WORK ITEM = Word for word, set down the records and skip each picture.

● ● ● ●

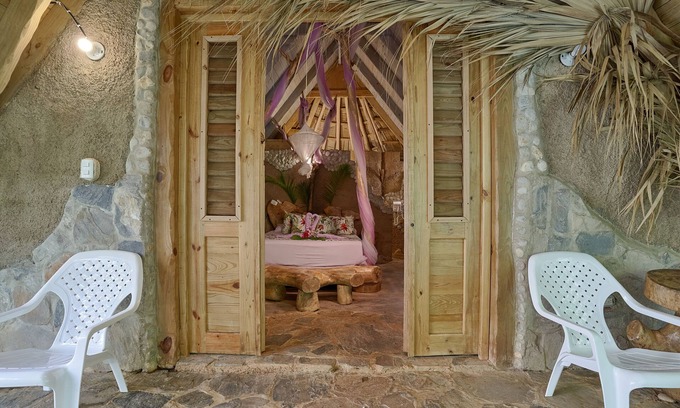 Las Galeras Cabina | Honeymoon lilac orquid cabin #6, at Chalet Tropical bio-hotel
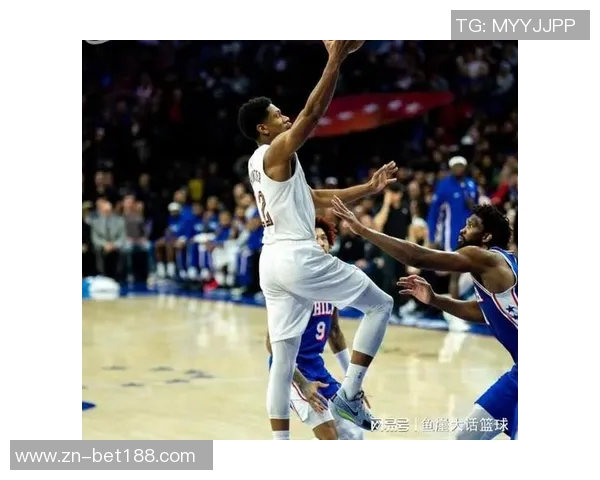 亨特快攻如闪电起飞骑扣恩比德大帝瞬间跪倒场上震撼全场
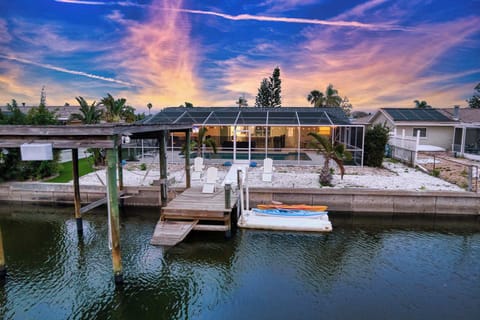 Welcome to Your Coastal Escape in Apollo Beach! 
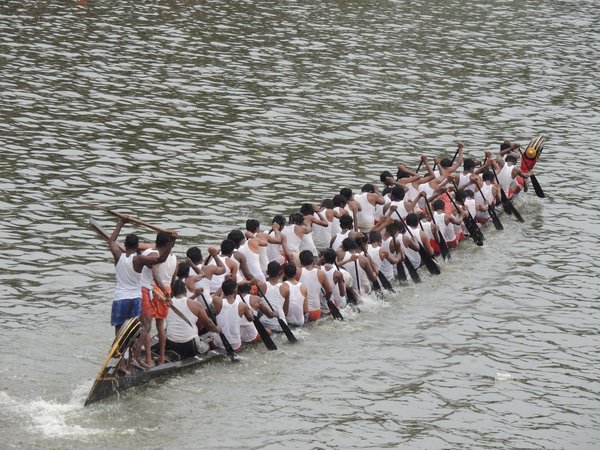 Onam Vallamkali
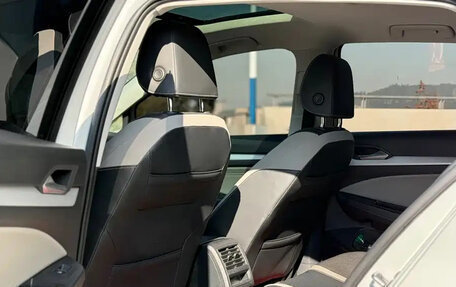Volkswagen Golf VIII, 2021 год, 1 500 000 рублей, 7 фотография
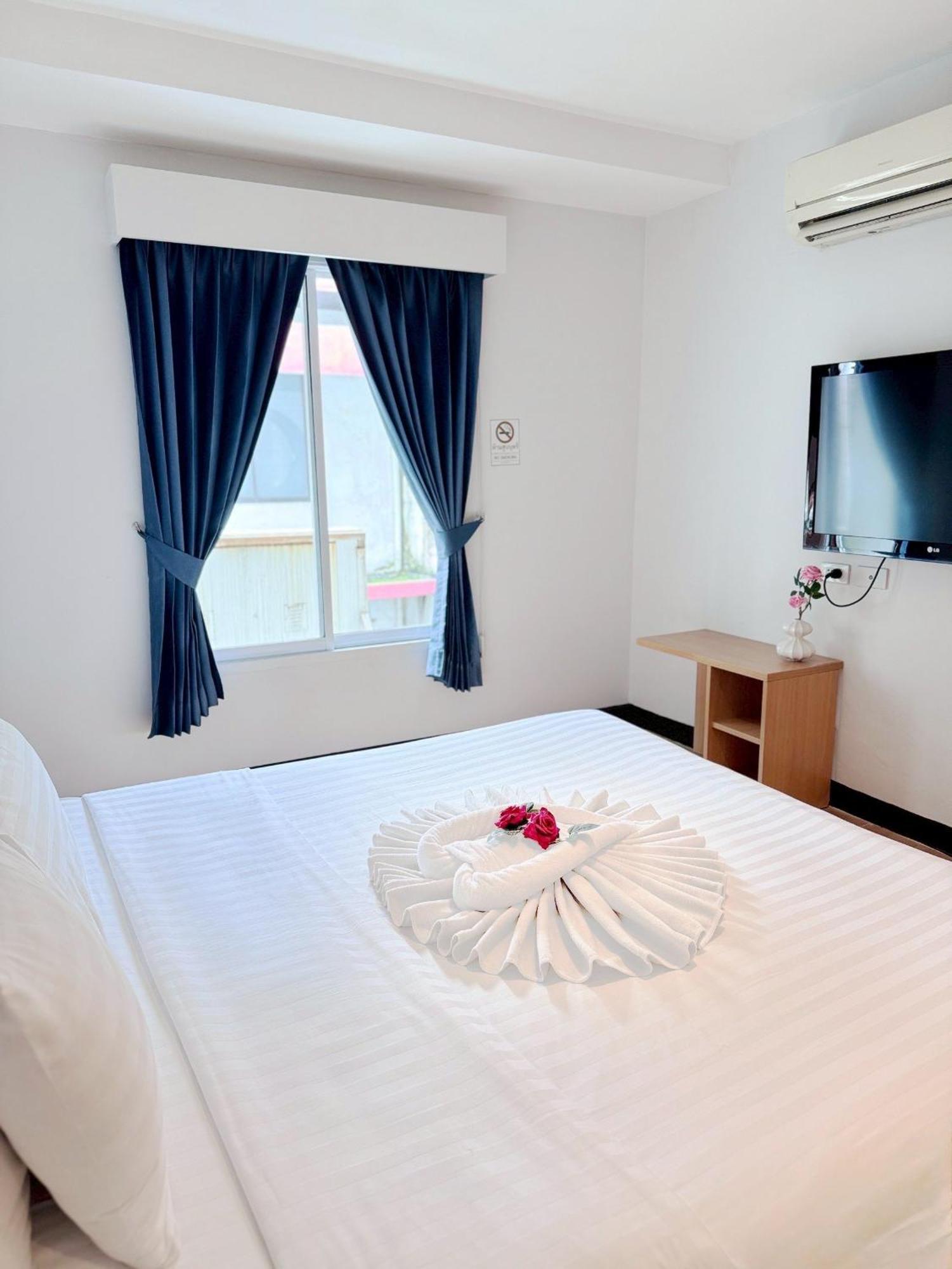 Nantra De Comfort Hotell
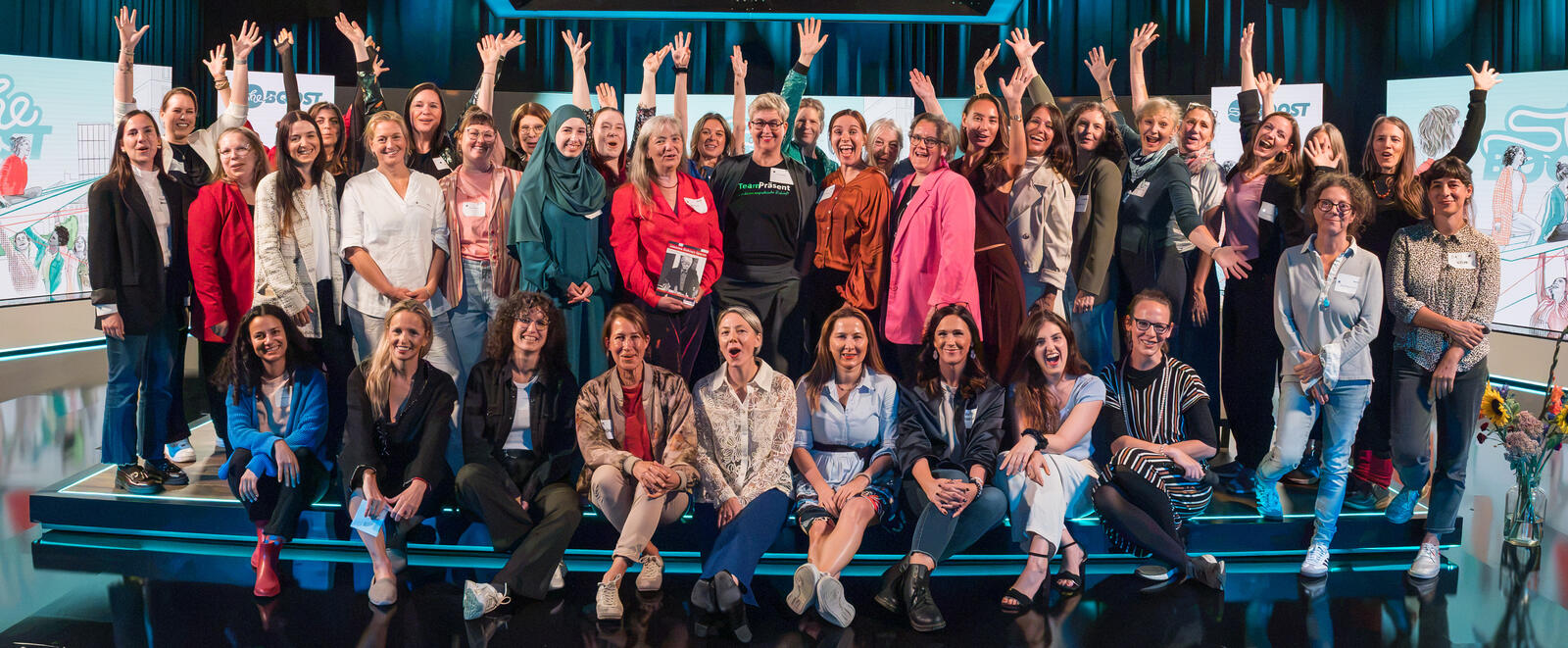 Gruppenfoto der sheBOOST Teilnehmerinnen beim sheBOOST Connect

● ● ● ●

SOLVED PROBLEM =
 Las Galeras Cabina | Honeymoon lilac orquid cabin #6, at Chalet Tropical bio-hotel
 亨特快攻如闪电起飞骑扣恩比德大帝瞬间跪倒场上震撼全场
 Welcome to Your Coastal Escape in Apollo Beach! 
 Onam Vallamkali
Volkswagen Golf VIII, 2021 год, 1 500 000 рублей, 7 фотография
 Nantra De Comfort Hotell
 Gruppenfoto der sheBOOST Teilnehmerinnen beim sheBOOST Connect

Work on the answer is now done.